Они медленно ходили друг перед другом, опустив руки с ножами, чуть согнувшись, готовясь к смертельному броску.

— Кончайте, ребята… — раздраженно сказал кто-то. — Развели тут малину!

— Отзынь, сука! — огрызнулся Цыпа, продолжая кружить вокруг Витька. Вот он сделал мгновенный выпад и ширнул ножом, метя Редькину в живот.

Редькин увернулся и сам выбросил руку с ножом и успел задеть Цыпу острием за левое плечо. Цыпа будто ничего и не почувствовал.

Штрафники толпились вокруг них, толкали друг друга и не знали, что предпринять.

— Все по закону, мужики, все по закону, — расправив в стороны руки и пятясь спиной на толпу штрафников, проговорил Хорь.

Сильный взрыв ухнул где-то рядом. Редькин с тревогой вскинул голову, на миг отвлекся — и тут Цыпа метнулся вперед и ударил Редькина ножом в живот. Тот сморщился от боли, перехватил руку Цыпы, но сам ударить не успел — Цыпа увернулся, сделал Редькину подножку, и они упали, мертвой хваткой сцепив руки, стараясь пересилить один другого, тяжело, с хрипом дыша.

Хлопнула дверь блиндажа. Вошел Глымов, глянул на плотную толпу штрафников, обступившую Цыпу и Редькина.

— Что за шум? — спросил громко.

Услышав голос ротного командира, Редькин вздрогнул, ослабил хватку, и Цыпа смог выдернуть руку с ножом и ударить прямо под сердце. Редькин негромко вскрикнул и обмяк всем телом, придавив Цыпу.

Штрафники молча расступились, и Глымов увидел лежащего Редькина, и Цыпу, поднимавшегося с пола с окровавленным ножом в руке.

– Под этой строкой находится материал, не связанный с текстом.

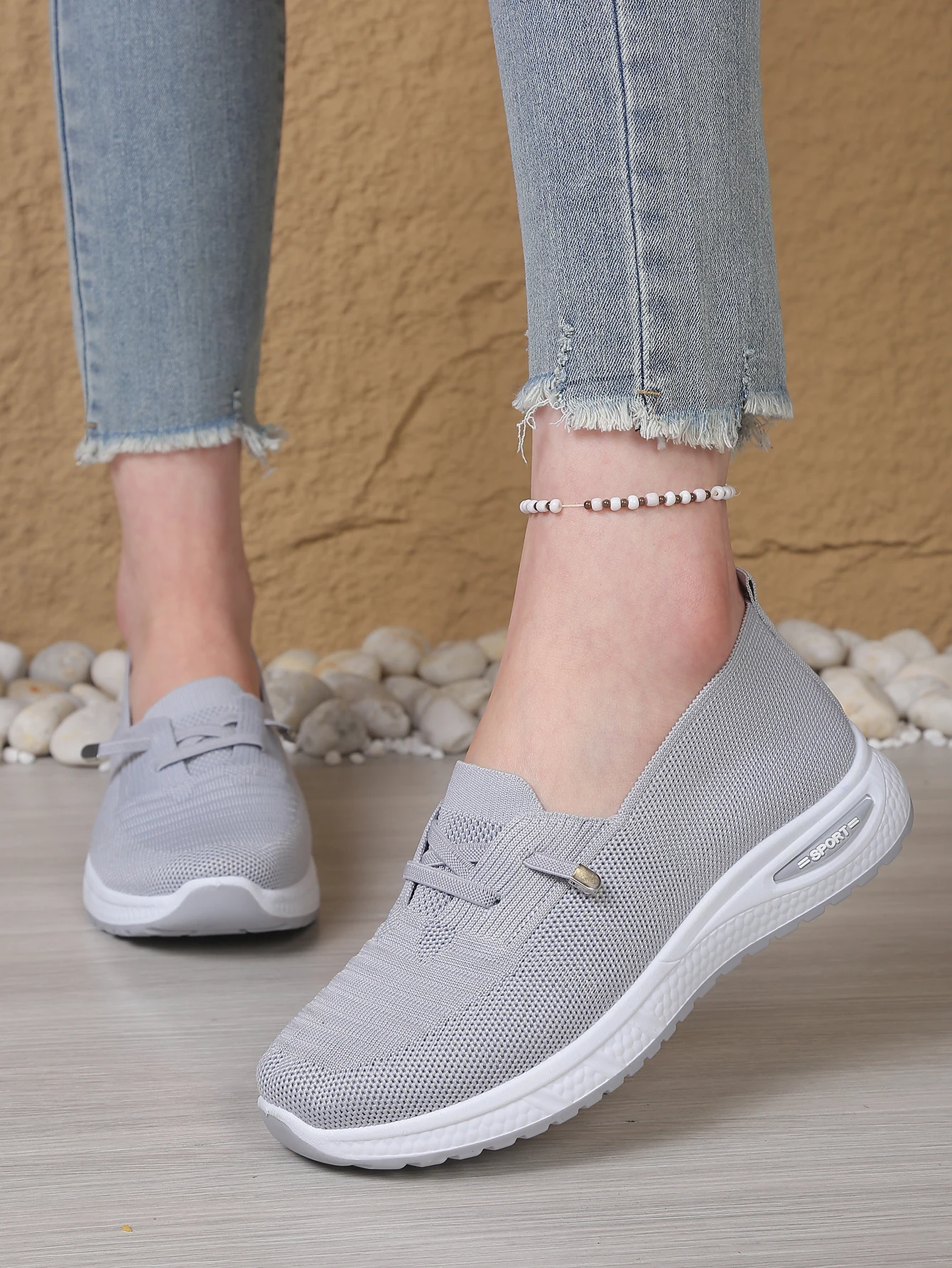 Atmungsaktive Slip-On-Walkingschuhe für Damen, leichte, bequeme Freizeitsneaker, weiche Sohle für ältere Menschen und ganztägiges Tragen – Detail 4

Взгляды их встретились, и Глымов все понял. Он нагнулся к Редькину, перевернул на спину. В широко раскрытых глазах Витька застыло изумление, расплывалось кровавое пятно на гимнастерке. Глымов разогнулся, пошел к выходу…

Почти весь оставшийся в живых батальон был выстроен за окопами. Солнце стояло в зените; сильно припекало. Вдали слышался рокот танковых моторов. В бледно-голубом безоблачном небе прогудели на запад две эскадрильи самолетов.

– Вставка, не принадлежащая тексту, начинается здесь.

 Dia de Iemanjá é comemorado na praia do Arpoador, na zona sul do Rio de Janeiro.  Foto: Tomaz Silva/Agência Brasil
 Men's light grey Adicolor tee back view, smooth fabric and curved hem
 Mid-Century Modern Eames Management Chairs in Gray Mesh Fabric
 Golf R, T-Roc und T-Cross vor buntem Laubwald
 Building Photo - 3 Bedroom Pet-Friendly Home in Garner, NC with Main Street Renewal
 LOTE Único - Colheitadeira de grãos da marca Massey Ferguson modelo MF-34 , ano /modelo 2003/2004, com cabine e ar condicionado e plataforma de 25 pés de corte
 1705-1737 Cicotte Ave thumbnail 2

Перед строем стояли ротные командиры Глымов, Баукин и Родянский. Твердохлебов медленно шел вдоль строя, вглядываясь в лица штрафников. Потом отступил на несколько шагов, окинул взглядом всех разом:

— Вон сколько вас осталось-то… Едва три сотни наберется. А в бой пошли — семьсот с лишком было! Четыреста живых голов вон на том поле полегли! — Он повысил голос. — Вам мало, да? Вы еще друг дружку резать принялись? Воровскую малину устроили?! Запомните мои слова — не будет этого! Пока я живой!

Строй молчал. Тогда Твердохлебов пошел прямо на штрафников. Он шел, не останавливаясь, и первая шеренга раздвинулась, за ней вторая, и в третьей шеренге Твердохлебов усмотрел Цыпу. Шагнул к нему, крепко взял за плечо и поволок за собой. Цыпа слабо сопротивлялся, бормотал затравленно:

— Че ты вцепился-то, комбат… че ты, в натуре… да отпусти ты…

Твердохлебов вытащил Цыпу из строя, остановился, крикнул:

— Ротный Глымов!

Тяжело подошел Глымов.

— Расстрелять! — коротко приказал Твердохлебов.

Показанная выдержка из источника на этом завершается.